JENNIFER PAULSON-LEE: "A number is a song. You have to button the number that sends everyone to rousing applause -- we hope! -- and then you 'break' the applause. The actor breaks the applause. That's a term we use when he steps in and continues the show. So he 'rides' the applause. There's another one [term]. And when it peaks, you break it with movement, or the actor starts to speak."

Ms. Paulson Lee says that an actor who overacts in search of attention or applause is said to be "chewing the scenery."

JENNIFER PAULSON-LEE: "Actors who chew the scenery are just either very loud or hysterical. They typically 'steal the show.' That means you steal it away from the leading actor who is supposed to be leading the scene."

AP: "You divert attention away, you mean?"

JENNIFER PAULSON-LEE: "Yes.
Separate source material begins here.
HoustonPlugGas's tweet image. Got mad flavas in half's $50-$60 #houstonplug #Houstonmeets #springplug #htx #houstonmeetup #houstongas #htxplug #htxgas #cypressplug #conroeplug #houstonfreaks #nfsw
That's a nice way of putting it. Stealing is the most appropriate way!"

The conversation in a scene onstage may seem spontaneous, but its pacing is carefully contrived by dividing a scene into "beats."

JENNIFER PAULSON-LEE: "And that is when one aspect of a scene has been in a completion. You've finished talking about a subject or you've changed the subject. And those turns in the conversation are called beats. And those are as determined by the actor and the director together, or the director."

In the theater as in everyday life, it's wise to expect the unexpected. Ms. Paulson-Lee says that when that happens in a good way ...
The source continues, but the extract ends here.